Application area   System wide Per category Per branch Specific
Permission Description Type system/system category/system system/branch category/branch
ReadDB Access to application database User x      
DeleteDB Delete application database Admin x      
CreateCategory Create/update category Admin x      
ReadCategory Create/update category User x x    
UpdateCategory Update category Admin x x    
CreateBranch Create new branch on branch User x   x  
ReadBranch Read data from branch User x x x x
WriteBranch Write data to branch User x x x x
WriteAuthorization Create authorization profile Admin x      
WriteAuthorization Update authorization profile Admin x   x  

The minimal set of permissions all users should have system wide are ReadDB and ReadCategory, and ReadBranch for every branch they need to be able to access. This will provide read-only access to the data in the application database. Each user that should be able to commit to a branch should have the WriteBranch permission on that branch.

Creating authorization profiles

The authorization system of AIMMS CDM is built around authorization profiles, i.e., collections of permissions assigned to combinations of roles and categories.
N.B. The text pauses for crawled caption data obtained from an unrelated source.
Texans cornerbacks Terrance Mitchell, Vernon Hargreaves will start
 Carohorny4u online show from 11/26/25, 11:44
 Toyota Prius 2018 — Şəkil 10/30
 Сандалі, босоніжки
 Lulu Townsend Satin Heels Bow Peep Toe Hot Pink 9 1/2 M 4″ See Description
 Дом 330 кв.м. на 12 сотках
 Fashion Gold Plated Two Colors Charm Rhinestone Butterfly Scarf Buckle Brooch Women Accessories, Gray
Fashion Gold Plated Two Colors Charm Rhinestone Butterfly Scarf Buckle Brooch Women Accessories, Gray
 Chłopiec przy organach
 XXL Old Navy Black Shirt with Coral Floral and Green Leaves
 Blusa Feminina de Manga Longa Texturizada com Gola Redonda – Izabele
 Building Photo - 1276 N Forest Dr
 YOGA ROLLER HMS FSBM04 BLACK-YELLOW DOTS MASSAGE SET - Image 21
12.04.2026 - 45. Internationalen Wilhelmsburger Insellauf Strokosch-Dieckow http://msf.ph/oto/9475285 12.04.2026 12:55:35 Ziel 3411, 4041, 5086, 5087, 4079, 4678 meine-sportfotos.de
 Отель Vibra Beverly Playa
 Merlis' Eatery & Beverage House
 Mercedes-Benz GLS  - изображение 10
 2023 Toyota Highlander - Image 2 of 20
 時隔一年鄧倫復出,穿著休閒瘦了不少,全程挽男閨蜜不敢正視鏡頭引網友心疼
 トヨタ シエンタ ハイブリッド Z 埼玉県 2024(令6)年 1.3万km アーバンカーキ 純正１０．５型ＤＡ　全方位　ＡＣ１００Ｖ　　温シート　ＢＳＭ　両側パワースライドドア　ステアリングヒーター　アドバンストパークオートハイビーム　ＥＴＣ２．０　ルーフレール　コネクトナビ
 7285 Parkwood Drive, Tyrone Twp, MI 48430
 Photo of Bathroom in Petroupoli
Subsequently, an authorization profile is assigned to every branch in the CDM database, which will allow the CDM service to determine which permissions a user holding particular roles will have on that particular branch.

When a new CDM database is created it comes with a single authorization profile FullAccess, with all permissions set for the All role and system category, and both the system and master branch have been assigned the FullAccess authorization profile. These initial settings, effectively, will give every connecting user all administrative and user permissions system wide.

You can view all defined authorization profiles in the Authorization page of the CDM library, as displayed below.

../_images/authorizationprofile.png

Creating new authorization profiles

To create a new authorization profile, select an existing authorization profile and press the Clone button. This will ask the user about a new profile name, and clone the the role-category specific permissions from the selected profile currently selected authorization profile. After changing the permissions for the new profile, pressing the Add to DB button will actually save the newly created authorization profile in the CDM database. You can add new authorization profiles to the CDM database, only when you have the WriteAuthorization permission on system branch.

Creating authorization profiles programmatically

You can also create authorization profiles programmatically: the set cdm::AuthorizationProfiles contains all defined authorization profiles, and the permissions set for each profile are stored in the parameter cdm::AuthorizationProfile. The procedure cdm::AddAuthorizationProfile will add a new authorization profile to the CDM database.

Assigning authorization profiles to branches

You can assign an authorization profile to any branch in your CDM database in the Authorization page of the CDM library.

../_images/authorizationprofile.png

Note, that you can only change this, if you have the WriteAuthorization permission on the branch for which you want to change the settings.

Setting authorization profiles on the system branch

When assigning an authorization profile to the system branch, please remember that the authorization profile of the system branch serves two purposes:

  • setting system wide permissions for administrative tasks
  • setting permissions that will apply to all data branches for regular user tasks

Thus you should make sure that the authorization profile that you assign to the system branch at least has the WriteAuthorization permission set on the system category for any administrative role you hold. Failure to do so, will lock you out from making any further system wide authorization changes.

Reversely, you should be quite careful with setting administrative permissions to non-administrative roles on the system category, as this may give regular users administrative permissions you do not want them to have.

Changing authorization profiles on branches programmatically

You can change branch authorizations programmatically by calling the function cdm::SetBranchAuthorization().